▸ **Assigned task**
Keep the images out and set the listing below down word for word.

▸ **Collected material**
Content starts

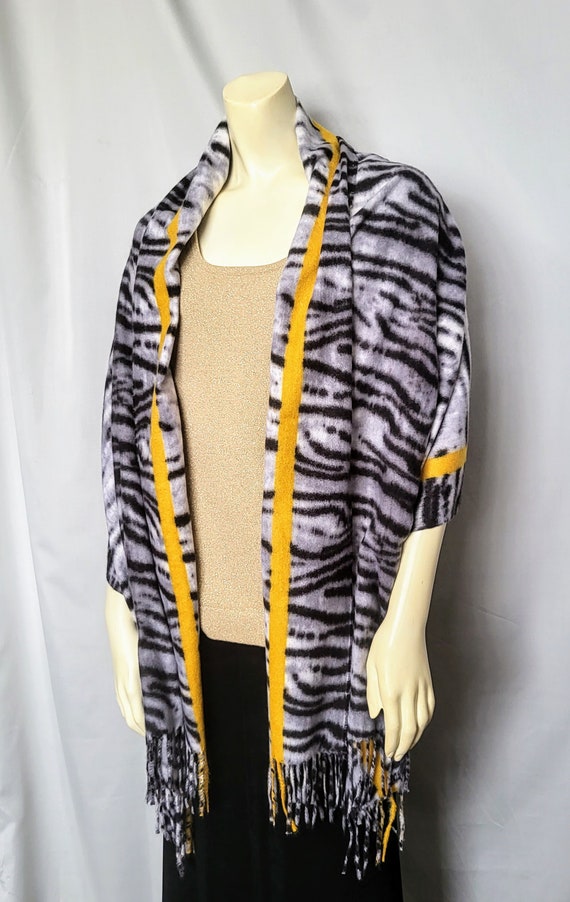 Soft and Warm Huge Scarf/Oversize Black and White 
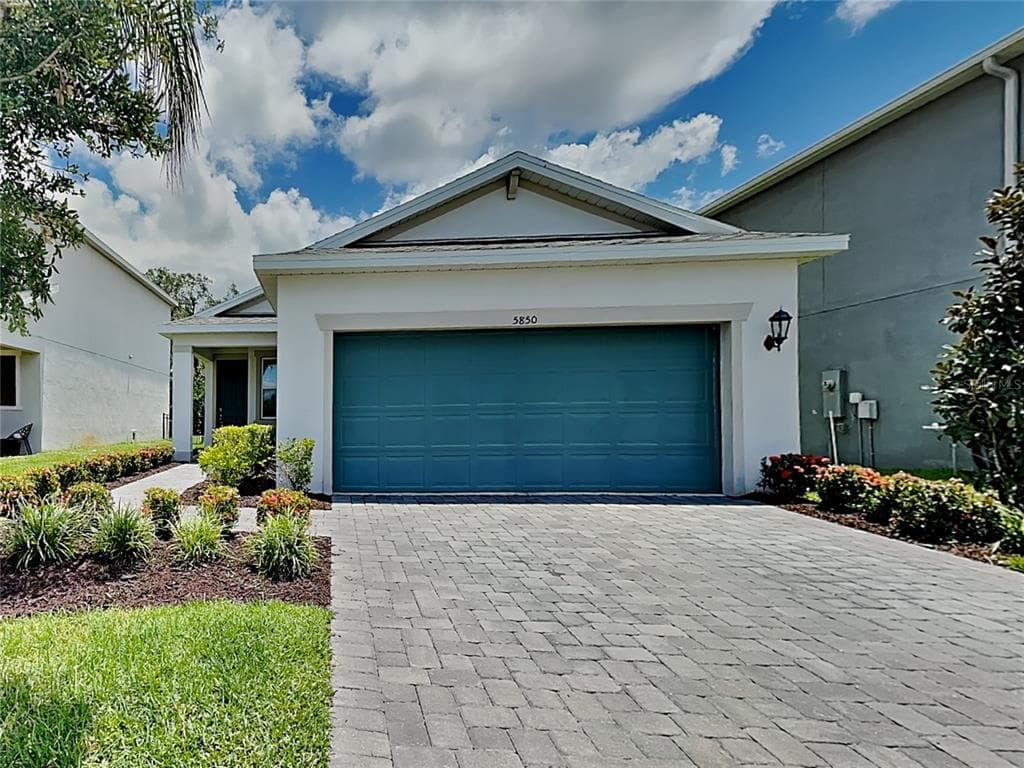 5850 BUNGALOW GROVE COURT PALMETTO, FL 34221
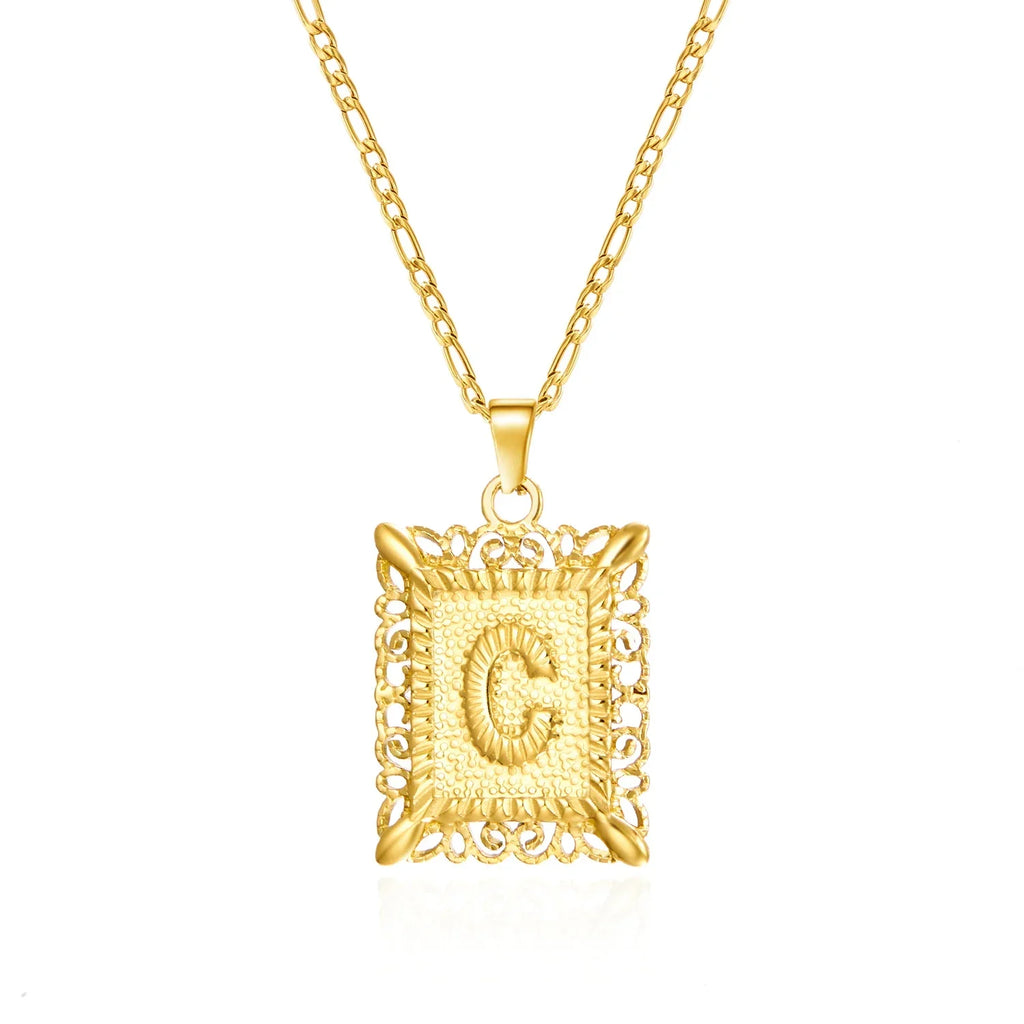 Collier avec pendentif rectangulaire initiale - lettre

Content ends

▸ **Result for this exercise**
 Soft and Warm Huge Scarf/Oversize Black and White 
 5850 BUNGALOW GROVE COURT PALMETTO, FL 34221
 Collier avec pendentif rectangulaire initiale - lettre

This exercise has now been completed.